C’est une situation nouvelle dans l’ex-union soviétique : confronté à un soulèvement populaire sans précédent, le président du Kazakhstan a demandé l’intervention de troupes de pays alliés, menées par l’armée russe. Depuis jeudi 6 janvier, des militaires russes arrivent par avion à Almaty, principale ville de cette vaste république d’asie centrale.
Les communications et les liaisons aériennes étant très perturbées depuis le début des troubles, il est difficile d’avoir un tableau précis et fiable de l’évolution de la situation. Mais il est clair que ce qui avait débuté le 2 janvier dans une ville de l’ouest du Kazakhstan, Janaozen, comme un mouvement de colère contre le doublement des prix du carburant, s’est rapidement étendu au reste du pays et a dégénéré en une violente contestation du régime, de sa gestion de l’économie, basée sur l’exploitation du gaz et du pétrole, et de sa corruption.

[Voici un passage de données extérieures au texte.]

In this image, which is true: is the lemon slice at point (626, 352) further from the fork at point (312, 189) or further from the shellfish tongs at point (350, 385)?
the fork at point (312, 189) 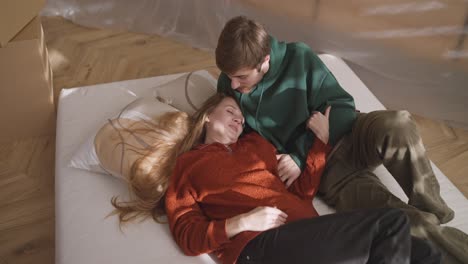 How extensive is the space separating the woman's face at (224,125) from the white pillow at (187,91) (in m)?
0.19

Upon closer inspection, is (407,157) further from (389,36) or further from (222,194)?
(389,36)

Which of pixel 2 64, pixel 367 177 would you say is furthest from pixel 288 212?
pixel 2 64

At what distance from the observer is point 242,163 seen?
54.4 inches

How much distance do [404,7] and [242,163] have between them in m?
1.00

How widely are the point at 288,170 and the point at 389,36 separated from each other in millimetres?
883

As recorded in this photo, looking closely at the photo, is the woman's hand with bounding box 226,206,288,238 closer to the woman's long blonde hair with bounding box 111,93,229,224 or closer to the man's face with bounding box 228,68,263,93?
the woman's long blonde hair with bounding box 111,93,229,224

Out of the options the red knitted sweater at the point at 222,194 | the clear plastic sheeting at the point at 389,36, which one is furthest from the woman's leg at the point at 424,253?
the clear plastic sheeting at the point at 389,36

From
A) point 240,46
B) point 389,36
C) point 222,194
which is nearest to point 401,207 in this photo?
point 222,194

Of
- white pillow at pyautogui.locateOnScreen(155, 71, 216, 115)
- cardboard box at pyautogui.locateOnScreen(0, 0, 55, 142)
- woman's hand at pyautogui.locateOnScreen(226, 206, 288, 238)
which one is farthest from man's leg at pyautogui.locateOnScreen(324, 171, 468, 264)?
cardboard box at pyautogui.locateOnScreen(0, 0, 55, 142)

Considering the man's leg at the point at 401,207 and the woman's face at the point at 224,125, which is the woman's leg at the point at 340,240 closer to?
the man's leg at the point at 401,207

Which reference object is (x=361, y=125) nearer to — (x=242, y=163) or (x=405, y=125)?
(x=405, y=125)

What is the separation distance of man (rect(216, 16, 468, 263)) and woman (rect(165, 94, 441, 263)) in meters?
0.05

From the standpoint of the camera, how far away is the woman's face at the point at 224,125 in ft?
4.67

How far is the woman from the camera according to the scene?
1145 millimetres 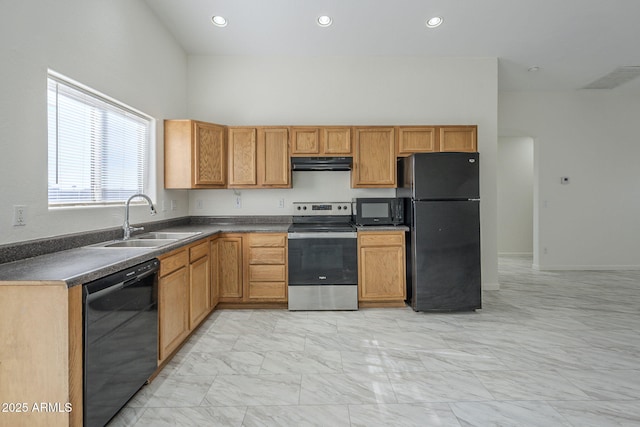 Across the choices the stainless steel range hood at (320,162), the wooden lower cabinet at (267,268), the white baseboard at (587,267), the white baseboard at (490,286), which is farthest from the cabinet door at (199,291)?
the white baseboard at (587,267)

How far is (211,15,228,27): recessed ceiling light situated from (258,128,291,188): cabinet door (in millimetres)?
1167

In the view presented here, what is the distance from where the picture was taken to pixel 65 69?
7.47 feet

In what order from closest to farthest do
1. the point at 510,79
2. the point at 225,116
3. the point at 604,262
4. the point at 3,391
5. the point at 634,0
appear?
the point at 3,391, the point at 634,0, the point at 225,116, the point at 510,79, the point at 604,262

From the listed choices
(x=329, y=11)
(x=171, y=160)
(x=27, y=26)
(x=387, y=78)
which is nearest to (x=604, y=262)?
(x=387, y=78)

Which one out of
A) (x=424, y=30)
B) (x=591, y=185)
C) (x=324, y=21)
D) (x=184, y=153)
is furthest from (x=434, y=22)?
(x=591, y=185)

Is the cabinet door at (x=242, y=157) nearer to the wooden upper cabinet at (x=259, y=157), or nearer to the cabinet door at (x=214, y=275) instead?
the wooden upper cabinet at (x=259, y=157)

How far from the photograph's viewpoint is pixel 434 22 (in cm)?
370

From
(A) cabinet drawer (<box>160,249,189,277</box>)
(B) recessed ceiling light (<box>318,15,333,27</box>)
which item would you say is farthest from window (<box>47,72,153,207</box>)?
(B) recessed ceiling light (<box>318,15,333,27</box>)

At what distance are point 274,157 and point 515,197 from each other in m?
5.68

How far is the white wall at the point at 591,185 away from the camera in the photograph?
593 cm

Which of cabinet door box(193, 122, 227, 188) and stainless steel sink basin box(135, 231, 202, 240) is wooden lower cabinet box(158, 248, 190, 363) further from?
cabinet door box(193, 122, 227, 188)

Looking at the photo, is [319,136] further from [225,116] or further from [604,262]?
[604,262]

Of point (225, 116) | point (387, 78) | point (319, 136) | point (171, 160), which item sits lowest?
point (171, 160)

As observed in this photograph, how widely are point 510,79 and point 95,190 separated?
5.62m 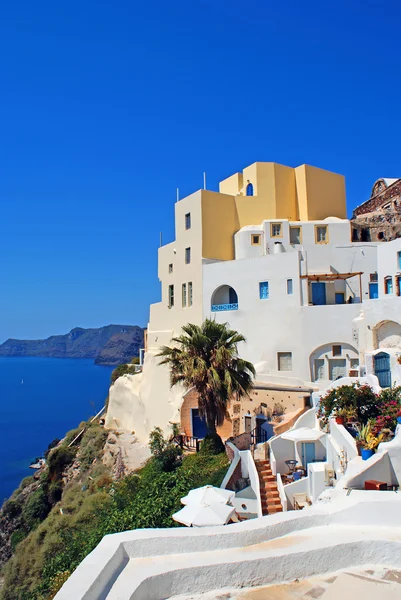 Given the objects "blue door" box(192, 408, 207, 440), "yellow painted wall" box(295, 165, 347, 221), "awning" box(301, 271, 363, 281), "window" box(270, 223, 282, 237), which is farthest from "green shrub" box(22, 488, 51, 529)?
"yellow painted wall" box(295, 165, 347, 221)

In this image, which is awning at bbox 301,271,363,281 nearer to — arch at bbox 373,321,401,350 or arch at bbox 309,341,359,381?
arch at bbox 309,341,359,381

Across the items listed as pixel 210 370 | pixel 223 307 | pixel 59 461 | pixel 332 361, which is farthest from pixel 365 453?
pixel 59 461

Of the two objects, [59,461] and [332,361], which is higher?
[332,361]

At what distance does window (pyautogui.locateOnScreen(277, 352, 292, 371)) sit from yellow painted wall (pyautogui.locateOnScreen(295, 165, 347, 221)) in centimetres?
1165

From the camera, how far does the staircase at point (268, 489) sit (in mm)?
15234

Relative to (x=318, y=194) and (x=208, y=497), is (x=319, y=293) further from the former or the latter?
(x=208, y=497)

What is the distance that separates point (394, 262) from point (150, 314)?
2063 cm

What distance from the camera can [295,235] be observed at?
33.9m

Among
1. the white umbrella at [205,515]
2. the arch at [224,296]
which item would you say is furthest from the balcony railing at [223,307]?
the white umbrella at [205,515]

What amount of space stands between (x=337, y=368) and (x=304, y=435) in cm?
1134

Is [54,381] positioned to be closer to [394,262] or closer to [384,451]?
[394,262]

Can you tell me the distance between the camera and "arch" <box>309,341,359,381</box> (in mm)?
27312

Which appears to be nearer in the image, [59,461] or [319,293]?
[319,293]

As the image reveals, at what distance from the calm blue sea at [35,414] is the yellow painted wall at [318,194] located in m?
31.2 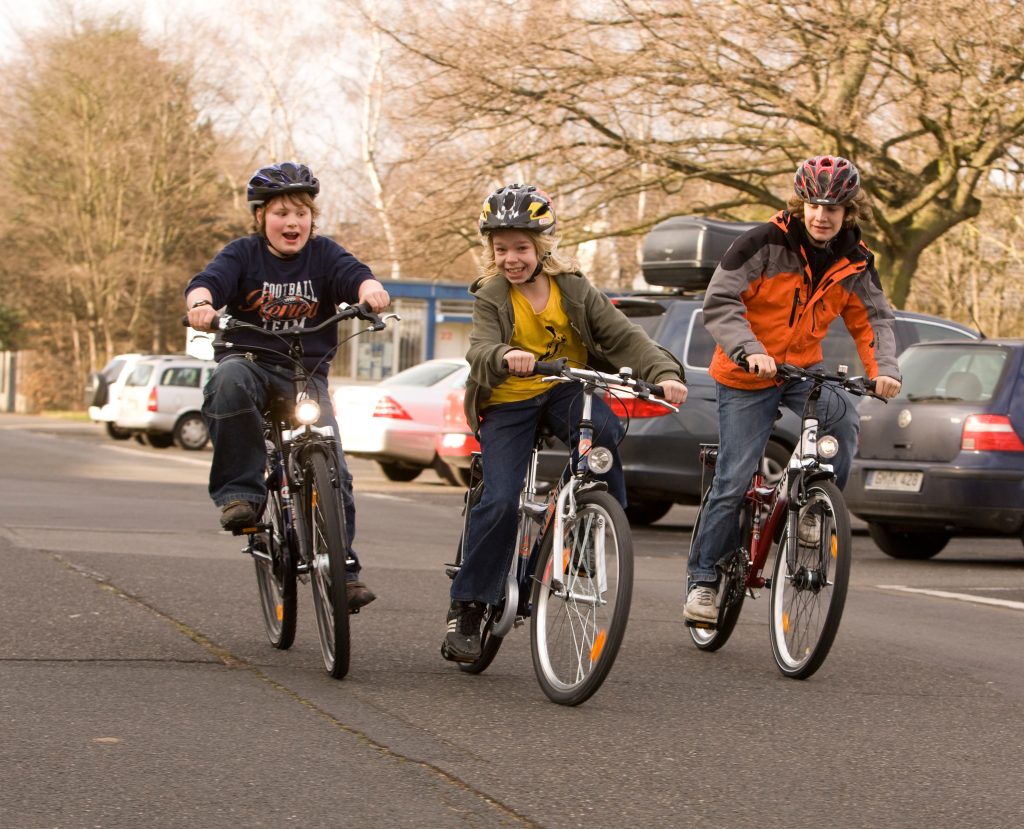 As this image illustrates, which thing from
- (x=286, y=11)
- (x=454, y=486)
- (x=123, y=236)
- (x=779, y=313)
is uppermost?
(x=286, y=11)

Visiblement pris au dépourvu, le président Kassym-jomart Tokaïev a fait quelques concessions ; il a annoncé la démission du gouvernement et – signe qu’il a bien compris l’objet de la contestation – écarté l’ancien président Noursoultan Nazarbaïev. Celui-ci, déjà au pouvoir à l’époque de l’union soviétique et aujourd’hui âgé de 81 ans, avait fini par quitter la présidence en 2019 mais maintenait son influence à travers un nouvel organe, le conseil de sécurité. Symbole du ressentiment de ses compatriotes, au moins une de ses statues a été déboulonnée au cours des émeutes.
Répression sanglante
Ces concessions n’ont pas suffi. Le bilan humain des affrontements, si l’on en croit les chiffres rendus publics vendredi par le ministère de l’intérieur, est lourd : 26 manifestants et 18 membres des forces de l’ordre tués, des centaines de blessés, 3 000 arrestations. Le président Tokaïev assure avoir rétabli « l’ordre constitutionnel ». Mais à quel prix ?
Au prix d’une répression sanglante, assurée par des services de sécurité sur lesquels le président a repris la main, en nommant à leur tête un de ses proches, à la place d’un homme de Nazarbaïev. Et au prix d’un appel à l’aide à Moscou, en prétextant une agression « terroriste », susceptible de justifier l’intervention de l’organisation du traité de sécurité collective (OTSC), qui lie le Kazakhstan à la Russie, à l’arménie, à l’ouzbékistan, au Tadjikistan et au Kirghizistan. Le président Vladimir Poutine ne s’est pas fait prier pour envoyer aussitôt 3 000 hommes, qui seront appuyés par quelques centaines de troupes des autres pays, hormis pour l’instant celles du Kirghizistan. Ces forces étrangères sont supposées assurer la sécurité des points stratégiques tandis que les forces kazakhes tentent de rétablir l’ordre.
Si elles y parviennent, M. Tokaïev aura sauvé son siège et tourné la page Nazarbaïev, mais il sera, comme son collègue biélorusse Alexandre Loukachenko, redevable à Moscou de son maintien au pouvoir. Pour un pays qui a tenté ces dernières années une sorte d’équidistance entre Pékin et Moscou, en cultivant également ses relations avec la Turquie et l’europe, c’est un énorme renoncement et un tragique retour en arrière.
Quant à M. Poutine, il peut espérer accroître ainsi son emprise sur une partie de cet empire disparu qu’il regrette tant : après l’arménie et la Biélorussie, il contrôlerait aussi le Kazakhstan. Mais, à la veille de l’ouverture de négociations qu’il a exigées avec les Etats-unis en menaçant de nouveau l’ukraine, il apparaît surtout comme le maître contesté d’un domaine en proie à d’incessantes rébellions, où il ne peut régner que par la force et la répression.